Fotoradary jak żyła złota. 500 zdjęć w ciągu doby!

Co najmniej 750 000 złotych w niecałe trzy tygodnie zarobił warszawski ratusz na nowych fotoradarach, które ustawiono na skrzyżowaniu ulic Sikorskiego i Sobieskiego na Mokotowie.

Nowoczesne urządzenia, które są w stanie fotografować cztery samochody naraz zrobiły już ponad 2500 zdjęć. Strażnicy miejscy, którzy testują nowe urządzenia, są bardzo zadowoleni. Ich zdaniem kierowcy wyraźnie w tym miejscu zwolnili.

Cztery nowe fotoradary na skrzyżowaniu ulic Sikorskiego i Sobieskiego na Mokotowie ustawiono trzy tygodnie temu. Pomogły, bo kierowcy zwolnili - twierdzą warszawscy strażnicy miejscy. I jak zauważa reporter RMF, rzeczywiście widać to po liczbie uwiecznionych na zdjęciach wykroczeń w poszczególne dni.

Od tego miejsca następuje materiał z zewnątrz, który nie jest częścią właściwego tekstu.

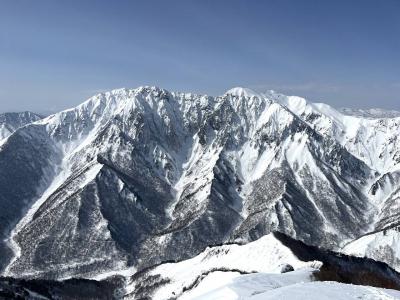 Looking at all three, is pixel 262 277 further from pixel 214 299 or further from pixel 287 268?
pixel 287 268

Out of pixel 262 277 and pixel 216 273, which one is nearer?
pixel 262 277

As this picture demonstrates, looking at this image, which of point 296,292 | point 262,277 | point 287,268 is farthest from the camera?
point 287,268

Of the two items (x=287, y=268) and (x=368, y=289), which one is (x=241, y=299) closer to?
(x=368, y=289)

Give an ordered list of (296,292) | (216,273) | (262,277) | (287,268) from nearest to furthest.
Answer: (296,292)
(262,277)
(287,268)
(216,273)

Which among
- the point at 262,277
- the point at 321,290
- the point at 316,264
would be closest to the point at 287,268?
the point at 316,264

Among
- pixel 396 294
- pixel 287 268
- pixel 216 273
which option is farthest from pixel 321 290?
pixel 216 273

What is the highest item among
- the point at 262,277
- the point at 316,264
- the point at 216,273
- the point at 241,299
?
the point at 241,299

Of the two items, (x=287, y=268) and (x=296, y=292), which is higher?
(x=296, y=292)

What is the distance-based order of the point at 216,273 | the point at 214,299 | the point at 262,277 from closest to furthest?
the point at 214,299
the point at 262,277
the point at 216,273

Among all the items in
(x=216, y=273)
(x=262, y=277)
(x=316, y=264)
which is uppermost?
(x=262, y=277) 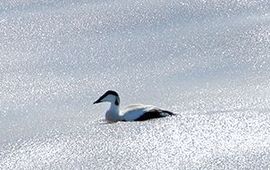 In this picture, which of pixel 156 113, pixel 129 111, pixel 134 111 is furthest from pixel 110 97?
pixel 156 113

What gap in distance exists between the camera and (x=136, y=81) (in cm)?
942

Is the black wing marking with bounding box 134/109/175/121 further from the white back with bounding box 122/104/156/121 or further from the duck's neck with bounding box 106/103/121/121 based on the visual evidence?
the duck's neck with bounding box 106/103/121/121

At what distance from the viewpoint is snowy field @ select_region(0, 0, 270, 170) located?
7465 mm

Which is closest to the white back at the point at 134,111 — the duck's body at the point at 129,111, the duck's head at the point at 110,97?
the duck's body at the point at 129,111

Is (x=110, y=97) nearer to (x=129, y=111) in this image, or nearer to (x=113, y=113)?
(x=113, y=113)

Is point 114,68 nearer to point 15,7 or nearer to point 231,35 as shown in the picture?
point 231,35

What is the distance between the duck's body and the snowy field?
0.29 ft

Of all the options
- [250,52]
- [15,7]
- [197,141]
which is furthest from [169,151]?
[15,7]

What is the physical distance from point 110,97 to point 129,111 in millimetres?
315

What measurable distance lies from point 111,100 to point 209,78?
1022 mm

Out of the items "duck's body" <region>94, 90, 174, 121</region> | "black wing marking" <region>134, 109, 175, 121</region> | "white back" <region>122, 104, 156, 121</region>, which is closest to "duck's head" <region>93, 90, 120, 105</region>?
"duck's body" <region>94, 90, 174, 121</region>

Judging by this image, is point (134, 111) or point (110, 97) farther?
point (110, 97)

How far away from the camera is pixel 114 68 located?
9.83 meters

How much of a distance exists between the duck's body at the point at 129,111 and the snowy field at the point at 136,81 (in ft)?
0.29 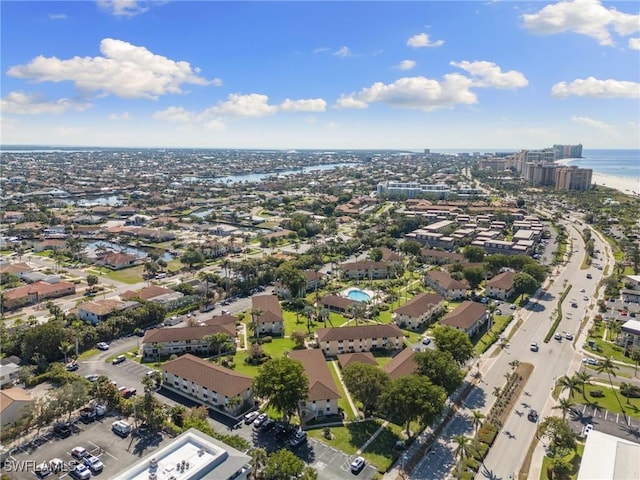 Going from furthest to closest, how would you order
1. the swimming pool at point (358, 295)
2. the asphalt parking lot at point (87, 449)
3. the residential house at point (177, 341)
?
the swimming pool at point (358, 295) < the residential house at point (177, 341) < the asphalt parking lot at point (87, 449)

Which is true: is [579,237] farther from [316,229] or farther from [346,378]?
[346,378]

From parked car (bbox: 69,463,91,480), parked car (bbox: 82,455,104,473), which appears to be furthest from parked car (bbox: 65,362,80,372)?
parked car (bbox: 69,463,91,480)

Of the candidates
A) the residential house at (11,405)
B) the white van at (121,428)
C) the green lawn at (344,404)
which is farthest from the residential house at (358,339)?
the residential house at (11,405)

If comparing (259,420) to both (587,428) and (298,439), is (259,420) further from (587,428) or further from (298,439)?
(587,428)

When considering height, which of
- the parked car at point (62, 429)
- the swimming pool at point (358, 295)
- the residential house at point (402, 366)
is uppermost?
the residential house at point (402, 366)

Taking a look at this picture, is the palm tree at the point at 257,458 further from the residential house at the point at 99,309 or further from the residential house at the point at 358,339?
the residential house at the point at 99,309

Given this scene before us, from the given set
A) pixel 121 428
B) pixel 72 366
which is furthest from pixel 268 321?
pixel 121 428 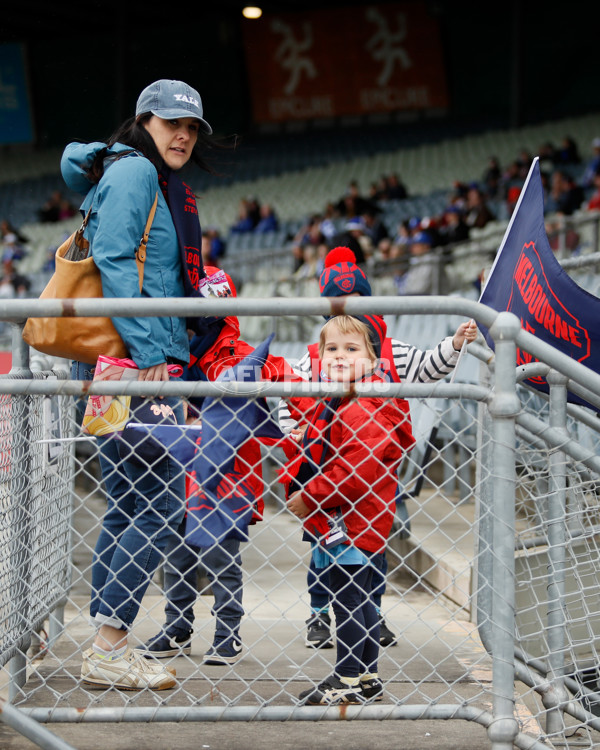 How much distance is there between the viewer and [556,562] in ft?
8.90

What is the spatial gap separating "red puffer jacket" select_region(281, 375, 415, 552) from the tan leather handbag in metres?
0.66

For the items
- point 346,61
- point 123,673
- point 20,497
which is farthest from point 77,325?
point 346,61

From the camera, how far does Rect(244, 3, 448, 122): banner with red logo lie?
22859 mm

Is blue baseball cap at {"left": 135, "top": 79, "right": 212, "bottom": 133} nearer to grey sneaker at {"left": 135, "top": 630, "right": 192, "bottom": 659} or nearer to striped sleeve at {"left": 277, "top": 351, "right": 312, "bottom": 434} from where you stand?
striped sleeve at {"left": 277, "top": 351, "right": 312, "bottom": 434}

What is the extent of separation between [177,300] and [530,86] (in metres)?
22.0

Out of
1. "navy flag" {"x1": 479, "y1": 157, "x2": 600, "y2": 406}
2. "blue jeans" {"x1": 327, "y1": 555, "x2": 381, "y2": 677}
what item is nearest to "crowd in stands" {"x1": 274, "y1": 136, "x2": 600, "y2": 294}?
"navy flag" {"x1": 479, "y1": 157, "x2": 600, "y2": 406}

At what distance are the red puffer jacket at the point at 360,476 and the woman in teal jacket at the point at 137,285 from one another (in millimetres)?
418

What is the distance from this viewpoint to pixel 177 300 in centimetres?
229

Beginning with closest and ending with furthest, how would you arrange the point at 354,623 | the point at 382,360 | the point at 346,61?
the point at 354,623, the point at 382,360, the point at 346,61

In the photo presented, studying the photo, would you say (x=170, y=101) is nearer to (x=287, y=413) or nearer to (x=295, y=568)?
(x=287, y=413)

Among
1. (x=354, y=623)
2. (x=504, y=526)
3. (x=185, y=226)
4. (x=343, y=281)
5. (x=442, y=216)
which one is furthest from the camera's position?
(x=442, y=216)

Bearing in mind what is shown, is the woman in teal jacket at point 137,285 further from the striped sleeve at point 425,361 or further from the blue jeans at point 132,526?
the striped sleeve at point 425,361

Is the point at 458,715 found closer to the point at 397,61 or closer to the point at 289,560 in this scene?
the point at 289,560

Tuż po uruchomieniu systemu fotoradary robiły około pięciuset zdjęć na dobę. Kilka dni temu było to już tylko 150 fotek. Kierowcy zaczynają dostrzegać te urządzenia i przestrzegać przepisów - mówi Zbigniew Kąkol ze straży miejskiej.

Reklama

Niestety wciąż nie wszyscy. Zdarzają się i tacy, którym fotoradar robiąc zdjęcie wymierza 2 mandaty naraz. Za przekroczenie prędkości i wjazd na czerwonym świetle. Jakie miny mają na tych zdjęciach?

- Zazwyczaj są to osoby roześmiane, niezdające sobie sprawy, nie ma żadnego przerażenia, po prostu jedzie - mówi Kąkol.

Podwójne wykroczenie kończy się w tym miejscu mandatem nawet za 700-800 złotych. Na konto trafia też kilkanaście punktów karnych. A wywinąć się od kary jest niezwykle trudno, bo zdjęcia z fotoradarów są świetnej jakości.

Strażnicy cieszą się nie tylko z tego, że kierowcy znacznie w tym miejscu zwolnili. Nie zdarza się już, by przejeżdżali na czerwonym świetle, a to przede wszystkim ważne jest dla poprawy bezpieczeństwa. Oprócz tego, kierowcy nie blokują już skrzyżowania dla przejeżdżających z pozostałych kierunków, co było nagminne, gdy lekceważyli czerwone światło.

Wkrótce kolejne nowoczesne fotoradary w stolicy

Straż Miejska już typuje kolejne skrzyżowania, na których pojawią się podobne urządzenia. Na razie pod uwagę brane jest skrzyżowanie ulic Grójeckiej i Bitwy Warszawskiej oraz ulice Połczyńska i Sasanki.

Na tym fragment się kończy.